Detailed Description:

The text outlines a novel solution for handling data authorization in full-stack applications by introducing the Protected Query Pattern. This pattern is of particular interest to security and compliance professionals who are tasked with developing secure data access mechanisms in increasingly complex application environments.

Key insights and contributions of the Protected Query Pattern include:

– **Context of Complexity**: The guide highlights the challenges faced in securing modern full-stack applications, where managing authorization across various contexts can lead to maintenance difficulties and potential data leaks.

– **Need for a Structured Approach**: It argues against scattered SQL queries across the codebase that complicate authorization and increases the risk of errors, advocating for a structured data access layer.

– **Presenting the Solution**: The protected query pattern wraps pure query functions with an authorization layer, allowing developers to:
– Use `query.protect(…args)` for secure query execution that includes authorization checks.
– Use `query.unsafe(…args)` for direct access to the pure query function, enabling flexibility in contexts where the same query needs to be executed without authorization logic.

– **Benefits of the Protected Query Pattern**:
– Explicit intent when calling queries improves code readability.
– Reduces duplication of authorization logic, thus minimizing the risk of errors.
– Simplifies maintenance of code over time.
– Enables caching of pure query functions due to their stateless nature.

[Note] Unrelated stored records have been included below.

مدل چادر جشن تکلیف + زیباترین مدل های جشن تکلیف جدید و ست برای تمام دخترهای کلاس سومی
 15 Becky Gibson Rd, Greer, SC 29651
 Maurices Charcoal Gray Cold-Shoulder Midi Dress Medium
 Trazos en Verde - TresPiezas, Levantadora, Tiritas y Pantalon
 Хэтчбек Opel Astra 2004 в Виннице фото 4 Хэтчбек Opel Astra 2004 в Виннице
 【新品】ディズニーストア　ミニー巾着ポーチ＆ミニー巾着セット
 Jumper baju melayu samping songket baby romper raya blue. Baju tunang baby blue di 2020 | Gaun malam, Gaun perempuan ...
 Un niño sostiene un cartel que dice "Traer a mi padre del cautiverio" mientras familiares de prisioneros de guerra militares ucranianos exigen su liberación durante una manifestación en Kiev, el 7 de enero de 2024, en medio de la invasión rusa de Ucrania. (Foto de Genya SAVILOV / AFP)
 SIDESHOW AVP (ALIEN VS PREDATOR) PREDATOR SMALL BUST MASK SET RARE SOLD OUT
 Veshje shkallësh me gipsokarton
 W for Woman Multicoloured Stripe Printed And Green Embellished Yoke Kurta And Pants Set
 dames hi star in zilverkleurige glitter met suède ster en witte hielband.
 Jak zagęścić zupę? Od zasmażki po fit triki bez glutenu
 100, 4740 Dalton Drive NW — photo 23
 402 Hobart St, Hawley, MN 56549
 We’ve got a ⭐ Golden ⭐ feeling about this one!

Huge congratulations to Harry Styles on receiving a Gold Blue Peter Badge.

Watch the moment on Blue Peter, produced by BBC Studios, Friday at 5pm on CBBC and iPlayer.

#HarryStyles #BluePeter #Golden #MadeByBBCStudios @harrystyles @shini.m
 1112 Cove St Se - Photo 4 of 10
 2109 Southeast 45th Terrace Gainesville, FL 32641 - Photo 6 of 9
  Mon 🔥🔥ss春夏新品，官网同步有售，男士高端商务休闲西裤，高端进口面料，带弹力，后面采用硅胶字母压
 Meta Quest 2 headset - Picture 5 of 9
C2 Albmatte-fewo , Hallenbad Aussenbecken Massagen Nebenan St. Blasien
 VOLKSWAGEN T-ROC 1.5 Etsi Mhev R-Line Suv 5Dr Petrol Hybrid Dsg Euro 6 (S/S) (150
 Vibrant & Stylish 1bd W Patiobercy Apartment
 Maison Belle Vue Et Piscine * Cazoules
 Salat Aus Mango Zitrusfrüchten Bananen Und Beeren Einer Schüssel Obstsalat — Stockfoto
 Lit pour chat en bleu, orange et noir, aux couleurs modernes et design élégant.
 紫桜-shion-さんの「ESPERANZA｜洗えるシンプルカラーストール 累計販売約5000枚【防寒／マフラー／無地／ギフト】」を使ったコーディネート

– **Enhanced Data Redaction**: The pattern elegantly handles data redaction by allowing the authorization logic to determine what data is visible based on user’s permissions without adding complexity or duplicating logic.

– **Integration with Kilpi**: While the text emphasizes using Kilpi as a tool to implement this pattern, it reassures developers they can apply these concepts even without this specific library. Centralized authorization logic is presented as an additional advantage.

– **Real-World Applicability**: The author emphasizes that the pattern is based on challenges observed in real production projects, making it relatable and applicable for professionals across the software development landscape.

In summary, the Protected Query Pattern presents a structured and effective approach to data authorization that not only increases security but also enhances code quality and maintainability, making it a valuable concept for professionals in AI, cloud, and infrastructure security domains.